David Dubois, actuaire expert ERM IA, directeur du développement chez RGA, souligne le changement culturel que traversent actuellement les actuaires.
l'actuariel : Quels sont les défis de la fonction actuarielle ?
David Dubois : La fonction actuarielle évolue rapidement avec la réglementation et en particulier avec Solvabilité II, qui officialise toute l’importance de celle-ci. Traditionnellement, l’actuaire évalue les risques de façon statistique et juge de la robustesse de ses modèles ; il est trop souvent cantonné à une vision en silo de l’entreprise. Avec le développement de l’ERM et le rôle clé confié à la fonction actuarielle, l’actuaire va être amené à avoir une vision très large de l’entreprise. Il doit apprendre à repositionner ses chiffres dans un environnement global et accepter d’être exposé.
L'actuariel : C’est presque un changement culturel ?
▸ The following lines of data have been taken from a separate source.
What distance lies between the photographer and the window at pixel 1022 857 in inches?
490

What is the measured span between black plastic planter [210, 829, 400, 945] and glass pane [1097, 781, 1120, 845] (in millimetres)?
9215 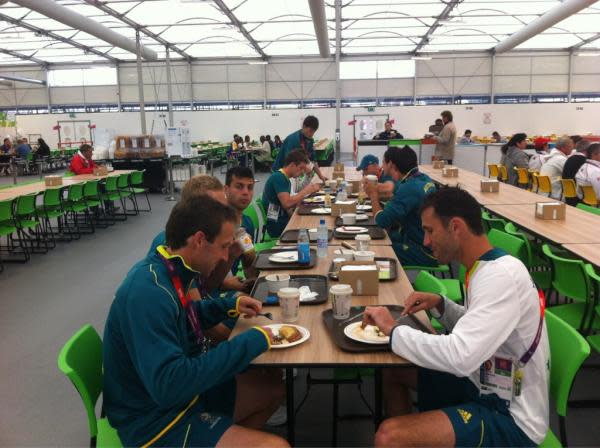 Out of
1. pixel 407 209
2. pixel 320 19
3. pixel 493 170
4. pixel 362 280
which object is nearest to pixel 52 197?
pixel 407 209

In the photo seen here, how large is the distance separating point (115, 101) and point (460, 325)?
2320 cm

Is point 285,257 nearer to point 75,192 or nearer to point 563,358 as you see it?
point 563,358

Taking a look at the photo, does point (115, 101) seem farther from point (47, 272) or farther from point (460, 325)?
point (460, 325)

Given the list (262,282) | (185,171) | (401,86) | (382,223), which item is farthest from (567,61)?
(262,282)

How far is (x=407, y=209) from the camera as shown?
3.73m

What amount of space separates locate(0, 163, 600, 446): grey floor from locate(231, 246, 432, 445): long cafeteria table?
2.40ft

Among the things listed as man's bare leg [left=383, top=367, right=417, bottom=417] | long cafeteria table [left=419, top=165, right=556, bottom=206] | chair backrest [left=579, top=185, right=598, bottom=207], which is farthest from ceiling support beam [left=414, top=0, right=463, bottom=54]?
man's bare leg [left=383, top=367, right=417, bottom=417]

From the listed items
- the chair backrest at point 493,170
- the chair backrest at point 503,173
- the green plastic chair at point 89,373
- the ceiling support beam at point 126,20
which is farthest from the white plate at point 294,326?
the ceiling support beam at point 126,20

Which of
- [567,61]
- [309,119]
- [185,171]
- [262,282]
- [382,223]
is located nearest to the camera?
[262,282]

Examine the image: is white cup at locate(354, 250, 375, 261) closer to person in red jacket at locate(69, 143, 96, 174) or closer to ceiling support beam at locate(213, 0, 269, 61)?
person in red jacket at locate(69, 143, 96, 174)

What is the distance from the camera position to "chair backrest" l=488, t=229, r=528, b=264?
10.1ft

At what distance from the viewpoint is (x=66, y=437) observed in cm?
257

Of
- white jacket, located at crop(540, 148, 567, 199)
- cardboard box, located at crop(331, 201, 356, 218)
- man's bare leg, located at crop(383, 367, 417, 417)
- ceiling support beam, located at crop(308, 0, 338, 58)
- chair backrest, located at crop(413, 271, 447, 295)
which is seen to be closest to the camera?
man's bare leg, located at crop(383, 367, 417, 417)

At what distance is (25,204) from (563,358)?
6.07 m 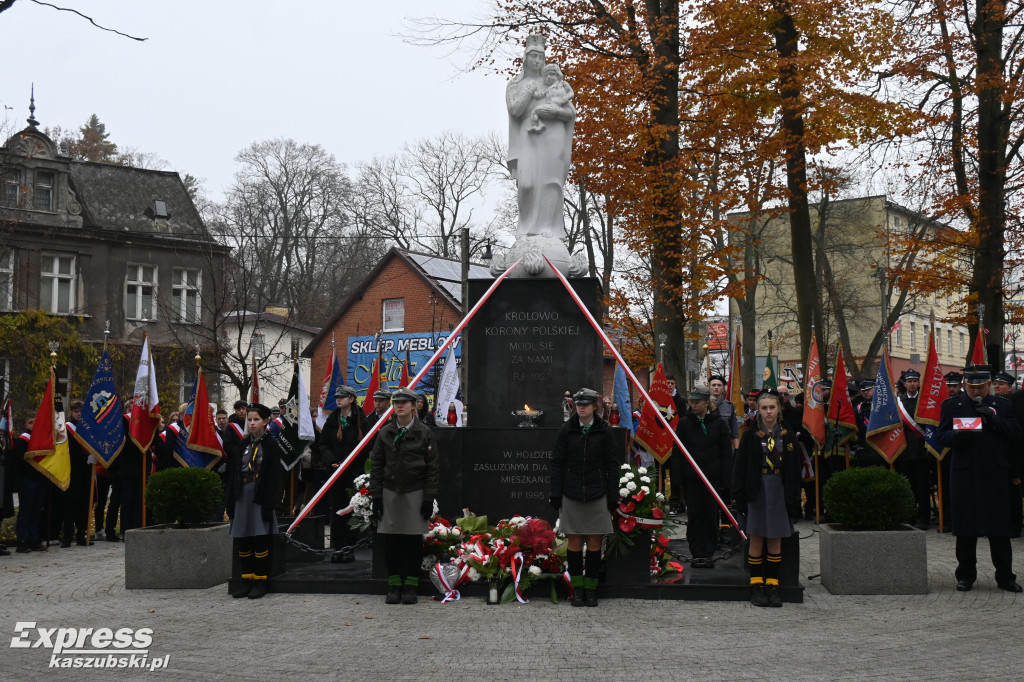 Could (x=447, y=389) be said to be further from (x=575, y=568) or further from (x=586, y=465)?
(x=586, y=465)

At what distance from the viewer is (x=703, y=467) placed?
480 inches

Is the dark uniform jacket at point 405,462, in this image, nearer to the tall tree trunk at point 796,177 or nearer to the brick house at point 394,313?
the tall tree trunk at point 796,177

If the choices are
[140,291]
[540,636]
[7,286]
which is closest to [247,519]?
[540,636]

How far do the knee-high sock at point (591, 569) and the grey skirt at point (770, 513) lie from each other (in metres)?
1.42

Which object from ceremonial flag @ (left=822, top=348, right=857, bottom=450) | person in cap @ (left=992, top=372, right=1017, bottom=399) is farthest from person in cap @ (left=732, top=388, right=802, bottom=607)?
ceremonial flag @ (left=822, top=348, right=857, bottom=450)

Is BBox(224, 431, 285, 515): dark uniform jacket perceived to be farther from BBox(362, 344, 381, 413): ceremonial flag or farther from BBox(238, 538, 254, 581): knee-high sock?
BBox(362, 344, 381, 413): ceremonial flag

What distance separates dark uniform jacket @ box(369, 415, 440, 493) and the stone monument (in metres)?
3.37

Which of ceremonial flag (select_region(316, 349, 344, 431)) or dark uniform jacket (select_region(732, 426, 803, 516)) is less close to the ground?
ceremonial flag (select_region(316, 349, 344, 431))

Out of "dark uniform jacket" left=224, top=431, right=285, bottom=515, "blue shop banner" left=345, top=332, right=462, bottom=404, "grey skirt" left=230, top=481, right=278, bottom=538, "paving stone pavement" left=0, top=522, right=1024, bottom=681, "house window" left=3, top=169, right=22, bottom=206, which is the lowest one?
"paving stone pavement" left=0, top=522, right=1024, bottom=681

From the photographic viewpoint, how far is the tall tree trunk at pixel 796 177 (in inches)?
845

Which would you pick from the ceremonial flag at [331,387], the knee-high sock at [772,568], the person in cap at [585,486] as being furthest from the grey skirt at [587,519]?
the ceremonial flag at [331,387]

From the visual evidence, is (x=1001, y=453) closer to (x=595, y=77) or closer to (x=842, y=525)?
(x=842, y=525)

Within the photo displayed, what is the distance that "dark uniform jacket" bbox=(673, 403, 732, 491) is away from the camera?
12.1m

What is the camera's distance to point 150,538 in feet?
36.0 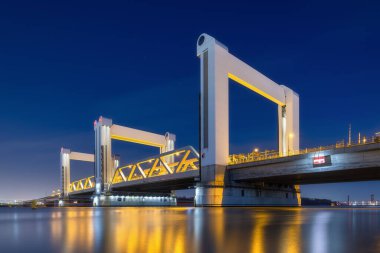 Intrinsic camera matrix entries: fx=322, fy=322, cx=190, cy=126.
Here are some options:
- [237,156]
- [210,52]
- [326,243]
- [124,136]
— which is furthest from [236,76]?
[124,136]

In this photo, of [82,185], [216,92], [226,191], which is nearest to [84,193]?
[82,185]

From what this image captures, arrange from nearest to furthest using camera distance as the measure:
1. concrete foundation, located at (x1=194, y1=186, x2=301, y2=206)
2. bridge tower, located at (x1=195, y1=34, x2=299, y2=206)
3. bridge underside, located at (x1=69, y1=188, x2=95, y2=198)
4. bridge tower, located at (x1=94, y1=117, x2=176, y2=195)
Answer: concrete foundation, located at (x1=194, y1=186, x2=301, y2=206) < bridge tower, located at (x1=195, y1=34, x2=299, y2=206) < bridge tower, located at (x1=94, y1=117, x2=176, y2=195) < bridge underside, located at (x1=69, y1=188, x2=95, y2=198)

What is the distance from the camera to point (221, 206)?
2030 inches

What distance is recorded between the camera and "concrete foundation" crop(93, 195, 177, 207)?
10194 centimetres

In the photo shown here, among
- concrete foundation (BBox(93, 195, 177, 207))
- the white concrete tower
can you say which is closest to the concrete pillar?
concrete foundation (BBox(93, 195, 177, 207))

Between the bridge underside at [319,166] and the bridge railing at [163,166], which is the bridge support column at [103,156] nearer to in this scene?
the bridge railing at [163,166]

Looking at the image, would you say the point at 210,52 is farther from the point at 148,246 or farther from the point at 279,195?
the point at 148,246

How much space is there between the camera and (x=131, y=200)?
365ft

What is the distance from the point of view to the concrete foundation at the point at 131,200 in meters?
102

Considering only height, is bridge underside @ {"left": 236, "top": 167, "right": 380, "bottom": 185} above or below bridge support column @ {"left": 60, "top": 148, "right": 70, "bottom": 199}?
above

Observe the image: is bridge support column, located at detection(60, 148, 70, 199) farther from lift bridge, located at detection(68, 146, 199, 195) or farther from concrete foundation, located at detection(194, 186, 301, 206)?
concrete foundation, located at detection(194, 186, 301, 206)

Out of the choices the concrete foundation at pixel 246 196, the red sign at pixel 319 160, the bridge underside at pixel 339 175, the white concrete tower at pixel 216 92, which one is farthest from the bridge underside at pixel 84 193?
the red sign at pixel 319 160

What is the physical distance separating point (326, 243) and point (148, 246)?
5.41 metres

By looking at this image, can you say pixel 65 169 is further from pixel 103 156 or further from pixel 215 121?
pixel 215 121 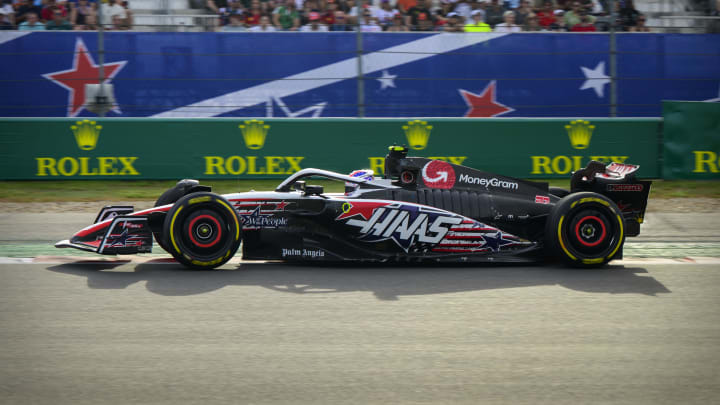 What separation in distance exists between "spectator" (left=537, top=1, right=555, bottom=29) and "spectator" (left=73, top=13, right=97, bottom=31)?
824 cm

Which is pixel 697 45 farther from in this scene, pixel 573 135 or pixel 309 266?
pixel 309 266

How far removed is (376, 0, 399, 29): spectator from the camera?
48.3 ft

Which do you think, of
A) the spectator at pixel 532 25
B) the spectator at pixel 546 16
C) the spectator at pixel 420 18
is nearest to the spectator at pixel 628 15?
the spectator at pixel 546 16

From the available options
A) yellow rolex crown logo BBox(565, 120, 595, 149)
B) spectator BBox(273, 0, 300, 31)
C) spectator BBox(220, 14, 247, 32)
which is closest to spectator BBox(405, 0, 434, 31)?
spectator BBox(273, 0, 300, 31)

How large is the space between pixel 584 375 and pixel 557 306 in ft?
4.81

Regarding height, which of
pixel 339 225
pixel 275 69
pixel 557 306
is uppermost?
pixel 275 69

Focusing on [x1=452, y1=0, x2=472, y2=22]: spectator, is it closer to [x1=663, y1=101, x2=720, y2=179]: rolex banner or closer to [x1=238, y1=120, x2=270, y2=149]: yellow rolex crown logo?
[x1=663, y1=101, x2=720, y2=179]: rolex banner

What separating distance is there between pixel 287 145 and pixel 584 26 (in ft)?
20.9

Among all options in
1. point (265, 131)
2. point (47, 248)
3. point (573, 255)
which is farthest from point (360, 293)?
point (265, 131)

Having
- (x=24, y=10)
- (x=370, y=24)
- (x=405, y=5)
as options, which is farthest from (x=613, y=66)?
(x=24, y=10)

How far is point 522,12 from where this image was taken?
49.5ft

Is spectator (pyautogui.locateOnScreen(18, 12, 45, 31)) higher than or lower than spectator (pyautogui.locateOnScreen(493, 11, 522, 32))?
higher

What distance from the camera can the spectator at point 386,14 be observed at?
48.3 feet

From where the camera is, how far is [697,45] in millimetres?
14703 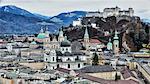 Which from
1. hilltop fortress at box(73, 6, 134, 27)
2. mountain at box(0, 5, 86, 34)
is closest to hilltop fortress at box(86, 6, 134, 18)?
hilltop fortress at box(73, 6, 134, 27)

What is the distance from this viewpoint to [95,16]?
44469 mm

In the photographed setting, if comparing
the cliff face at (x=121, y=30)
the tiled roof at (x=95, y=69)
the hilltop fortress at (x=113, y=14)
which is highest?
the hilltop fortress at (x=113, y=14)

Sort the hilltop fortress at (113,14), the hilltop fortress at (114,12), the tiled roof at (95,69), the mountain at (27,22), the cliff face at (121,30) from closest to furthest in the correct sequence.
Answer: the tiled roof at (95,69) < the cliff face at (121,30) < the hilltop fortress at (113,14) < the hilltop fortress at (114,12) < the mountain at (27,22)

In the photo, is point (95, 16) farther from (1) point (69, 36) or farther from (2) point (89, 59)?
(2) point (89, 59)

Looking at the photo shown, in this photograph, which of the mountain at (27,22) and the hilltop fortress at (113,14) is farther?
the mountain at (27,22)

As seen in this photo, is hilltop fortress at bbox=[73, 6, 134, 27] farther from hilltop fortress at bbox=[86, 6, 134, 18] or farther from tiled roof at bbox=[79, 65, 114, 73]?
tiled roof at bbox=[79, 65, 114, 73]

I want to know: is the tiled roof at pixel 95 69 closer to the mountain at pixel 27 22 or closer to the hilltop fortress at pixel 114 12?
the hilltop fortress at pixel 114 12

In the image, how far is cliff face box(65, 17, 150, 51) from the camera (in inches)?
1447

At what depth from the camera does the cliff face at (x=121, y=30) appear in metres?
36.8

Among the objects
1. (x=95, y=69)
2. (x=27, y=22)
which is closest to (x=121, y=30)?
(x=95, y=69)

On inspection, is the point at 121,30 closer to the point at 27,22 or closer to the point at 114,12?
the point at 114,12

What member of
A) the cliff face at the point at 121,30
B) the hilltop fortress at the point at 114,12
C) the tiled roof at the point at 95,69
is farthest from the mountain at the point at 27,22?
the tiled roof at the point at 95,69

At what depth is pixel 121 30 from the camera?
1578 inches

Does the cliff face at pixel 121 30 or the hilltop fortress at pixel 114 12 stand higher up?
the hilltop fortress at pixel 114 12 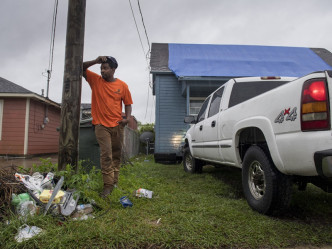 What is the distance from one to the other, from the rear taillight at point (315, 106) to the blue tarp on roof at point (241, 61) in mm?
6763

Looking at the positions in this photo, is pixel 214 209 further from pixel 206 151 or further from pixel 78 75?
pixel 78 75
D.B. : Quasiment. L’actuaire français a une forte technicité pour modéliser et valoriser le risque, avec une vision « ingénieur ». Solvabilité II pousse les actuaires à se doter d’une dimension financière plus large. Enfin, à l’image de l’actuaire anglo-saxon, il va devoir intégrer directement la profitabilité attendue pour l’entreprise, en tant que contrainte a priori.
l'actuariel : Y a-t-il une différence entre assureur et réassureur ?
D.B. : Si l’on prend la réassurance de personnes, c’est un secteur où il y a de nombreux actuaires, à la fois dans les fonctions techniques et les fonctions commerciales.
Les réassureurs ont adopté très tôt une démarche ERM, incluant le développement de modèles d’allocation de capital, en ligne avec les attentes des agences de notation. Ces modèles sont tournés vers l’optimisation de la profitabilité et la satisfaction des contraintes imposées par ces mêmes agences de notation. Enfin, le secteur de la réassurance est par nature même très international, la vision des marchés et des pratiques est nécessairement plus large.
L'actuariel : Quelle est la conséquence de Solvabilité II sur la profession ?
D.B. : Solvabilité II amène la fonction actuarielle à prendre de nouvelles responsabilités. Son article 48 confère à la fonction actuarielle le rôle de garant des chiffres et des méthodes. Or, ces éléments influencent directement la prise de décision. En prenant position et en émettant des avis, l’actuaire s’engage et c’est pourquoi il doit être protégé si l’on veut garantir à la fois son autonomie et son efficacité. En retour, l’actuaire voit son rôle valorisé au sein de l’organisation. Avec Solvabilité II, nous sommes presque passés de l’ombre à la lumière, et d’un environnement normatif et prudentiel à une réglementation qui responsabilise tous les acteurs de la chaîne du risque.